Italian Foods Series: Delicata Mezza Luna

Doug DuCap's Original Recipes: Click Here to Enjoy More Original Recipes and Cooking Ideas

With its beautiful golden flesh and edible skin, Delicata is poised to become the new ‘It’ squash. No matter how simply you prepare it, it is anything but dull.

Try this: cut it into chunks, boil in lightly salted water until just tender, toss with butter – and prepare to be amazed by the delightfully complex flavor (a cross between yam and Yukon Gold potato, with hints of sweet corn) and creamy texture.

It is equally delicious mashed, or pureed and made into a hearty soup, or sliced and fried as in the recipe below. You can use just about any type of Italian cheese (Parmesan, Romano, Asiago, Ricotta Salata are all good) and sprinkle with finely minced fresh parsley instead of sage.

Special thanks to fellow food blogger Chick in the Kitchen for sparking the idea for this dish!

Here’s a photo of the Delicata Mezza Luna below.

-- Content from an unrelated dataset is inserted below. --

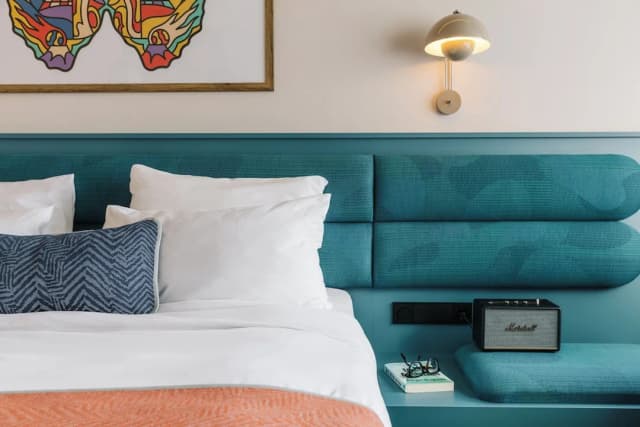 The Social Hub Amsterdam City-特色三人房-5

Doug DuCap's Delicata Mezza Luna


1 medium Delicata squash (about 1 lb)
Olive oil
1 clove garlic, peeled and lightly crushed
1 large (or 2 small) bay leaf
Grated Italian cheese
1 Tbsp finely minced fresh sage leaves


Rinse squash well and slice about 1/2 inch off the ends. Using a heavy knife or cleaver, cut the squash lengthwise and scoop out the seeds. (Note: when raw, the skin seems tough, but it softens nicely when cooked.) Lay the halves cut-side down and cut into approximately 3/8 inch slices.

Heat a shallow layer of olive oil in a skillet over medium heat. Add the garlic and bay leaf and cook the garlic until just golden, pressing it down to flavor the oil. Remove and discard the garlic and bay leaf.

Put a single layer of squash slices in the oil and cook until very lightly browned, turning once. Drain on paper towels and keep warm while cooking the remaining slices. Serve sprinkled with grated cheese and minced sage. Serves 2 - 4.